Stored data
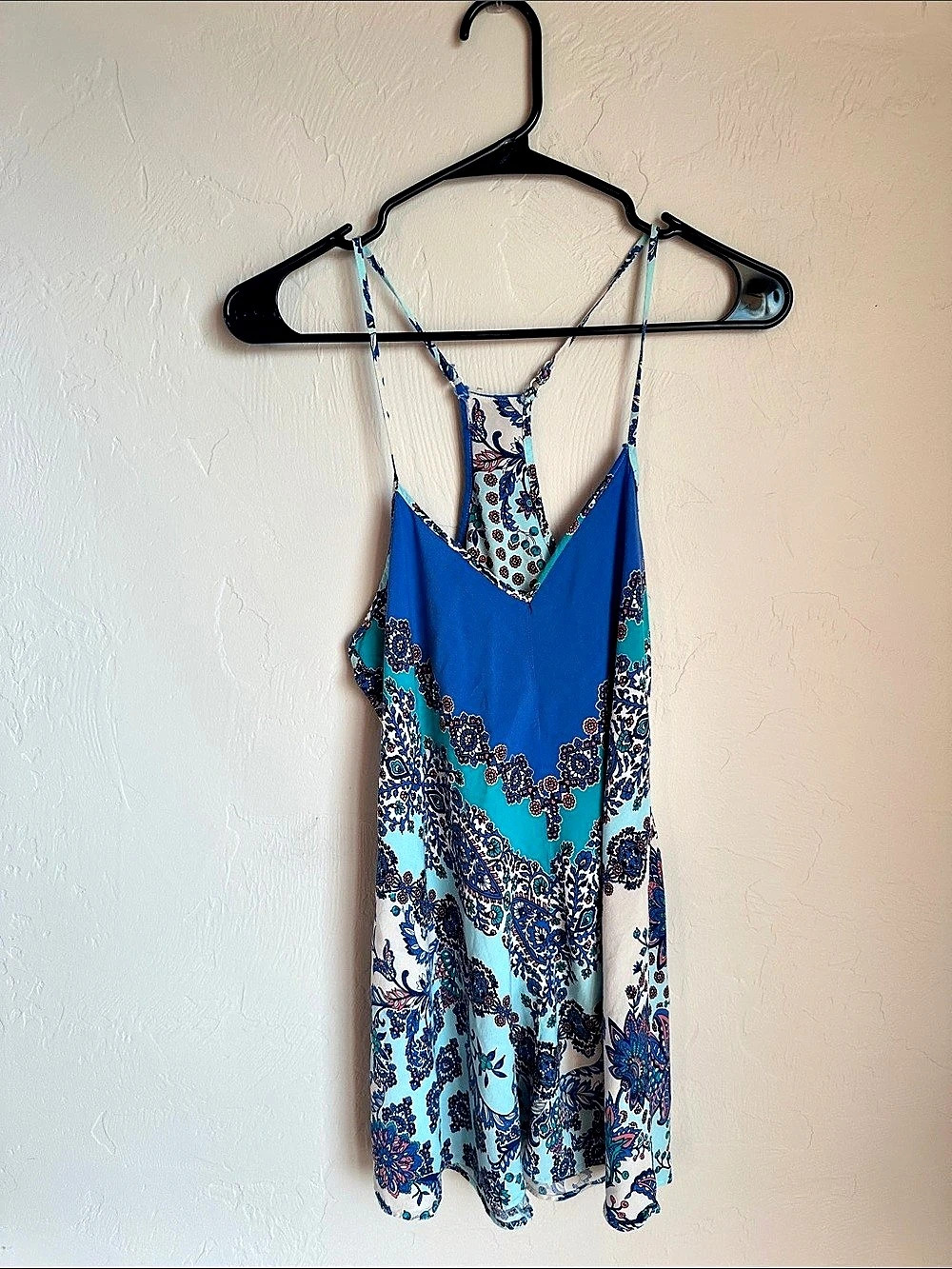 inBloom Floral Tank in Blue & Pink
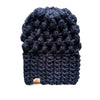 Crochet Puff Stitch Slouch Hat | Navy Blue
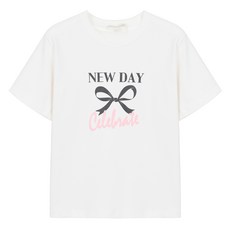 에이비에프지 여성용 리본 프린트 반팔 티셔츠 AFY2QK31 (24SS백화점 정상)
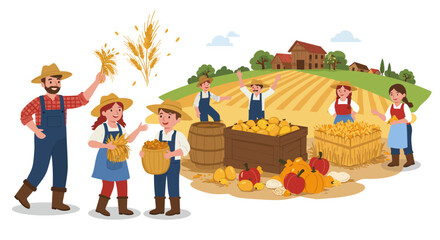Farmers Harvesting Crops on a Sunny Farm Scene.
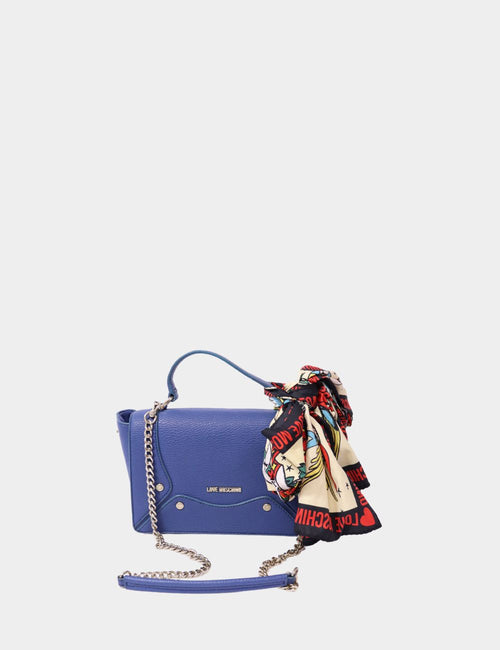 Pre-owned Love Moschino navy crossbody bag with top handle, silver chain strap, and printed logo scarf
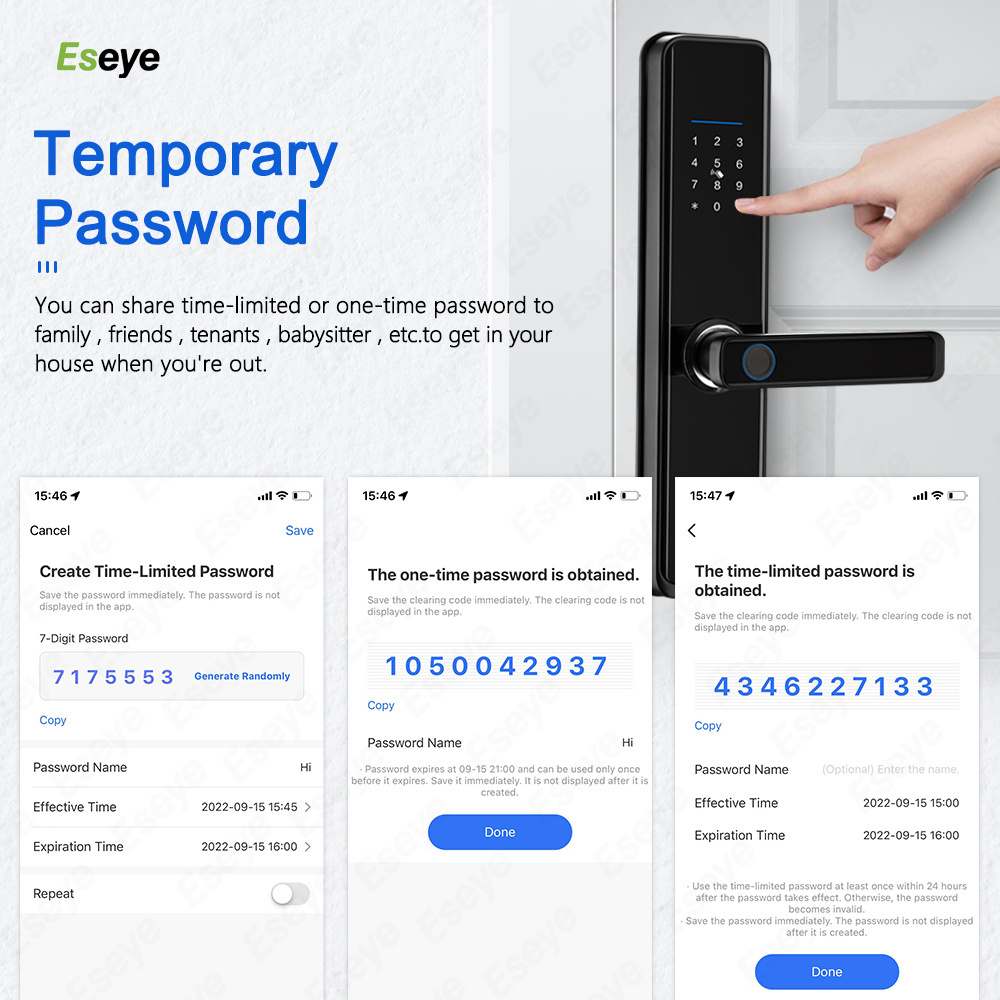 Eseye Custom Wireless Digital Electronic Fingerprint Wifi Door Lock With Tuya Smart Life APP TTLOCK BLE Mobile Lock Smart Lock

Task description -
Please write out the lines above, beginning at the line with "Farmers Harvesting Crops" and ending at the last line of the records, exactly as they appear and without pictures.

Answer area -
Farmers Harvesting Crops on a Sunny Farm Scene.
 Pre-owned Love Moschino navy crossbody bag with top handle, silver chain strap, and printed logo scarf
 Eseye Custom Wireless Digital Electronic Fingerprint Wifi Door Lock With Tuya Smart Life APP TTLOCK BLE Mobile Lock Smart Lock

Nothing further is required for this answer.